→ **ASSIGNMENT**
Your copy of the lines below must match them exactly and contain no images.

→ **RAW DATA**

-- Opening Marker --

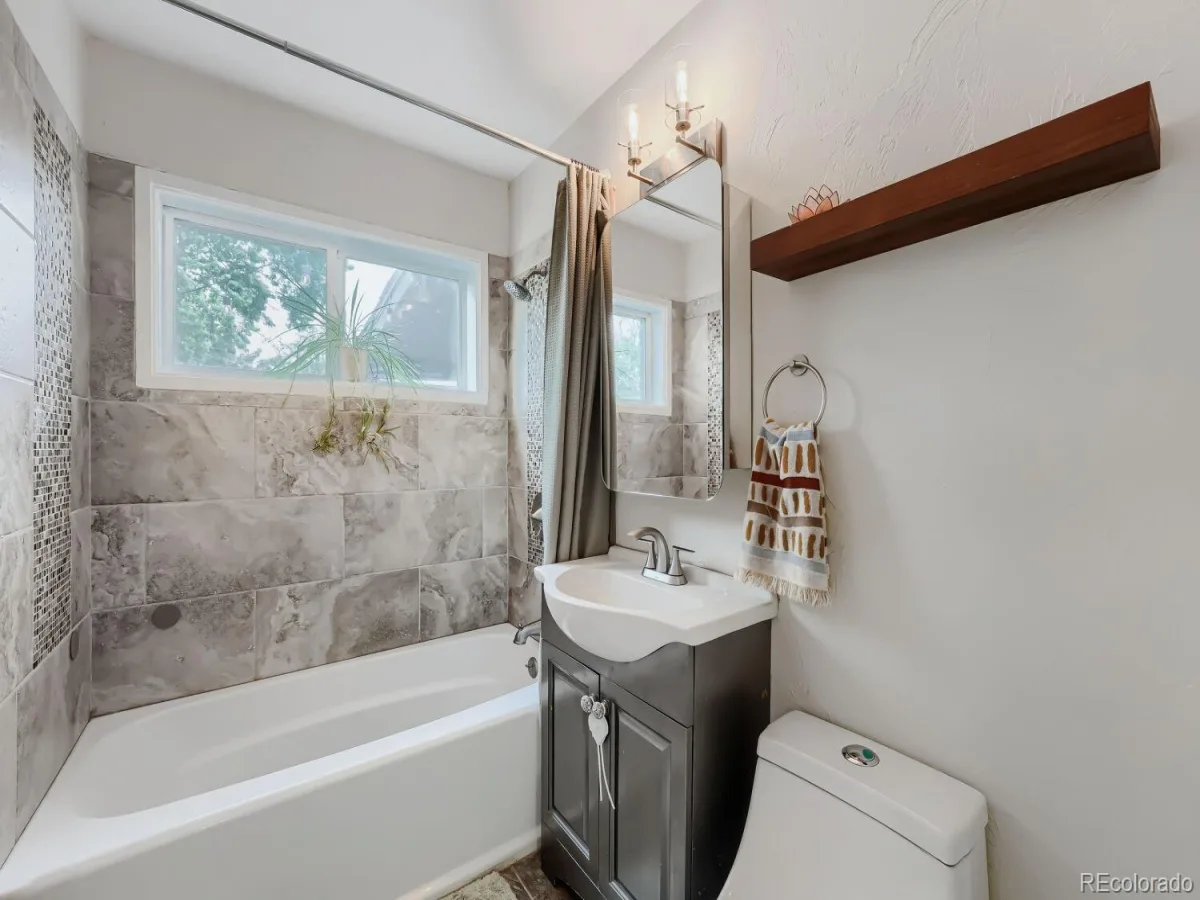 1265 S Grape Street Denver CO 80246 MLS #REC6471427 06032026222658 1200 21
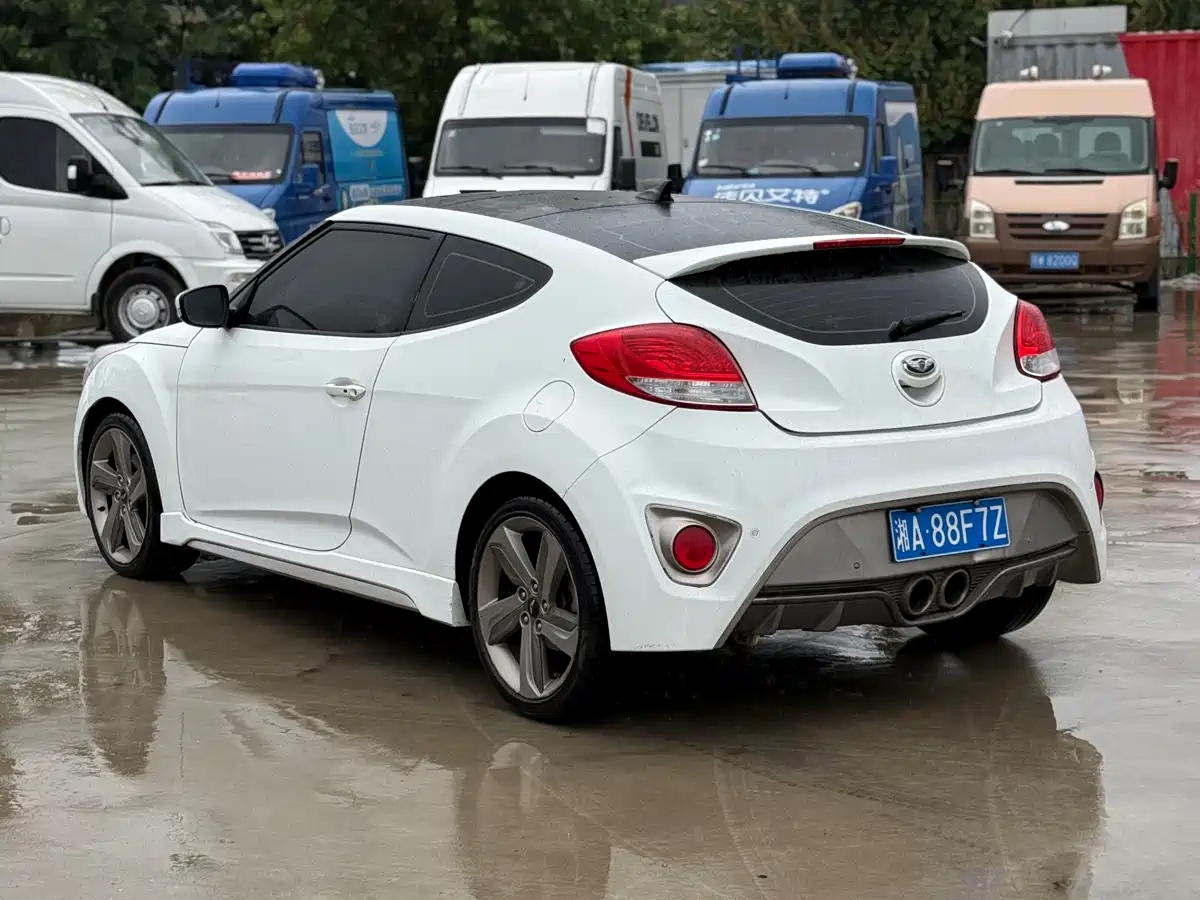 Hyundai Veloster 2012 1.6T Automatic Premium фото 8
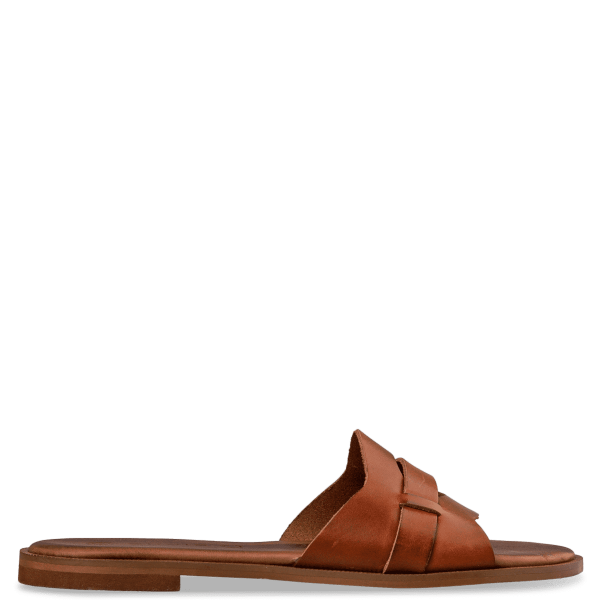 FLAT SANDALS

-- Closing Marker --

→ **EXPECTED ANSWER**
 1265 S Grape Street Denver CO 80246 MLS #REC6471427 06032026222658 1200 21
 Hyundai Veloster 2012 1.6T Automatic Premium фото 8
 FLAT SANDALS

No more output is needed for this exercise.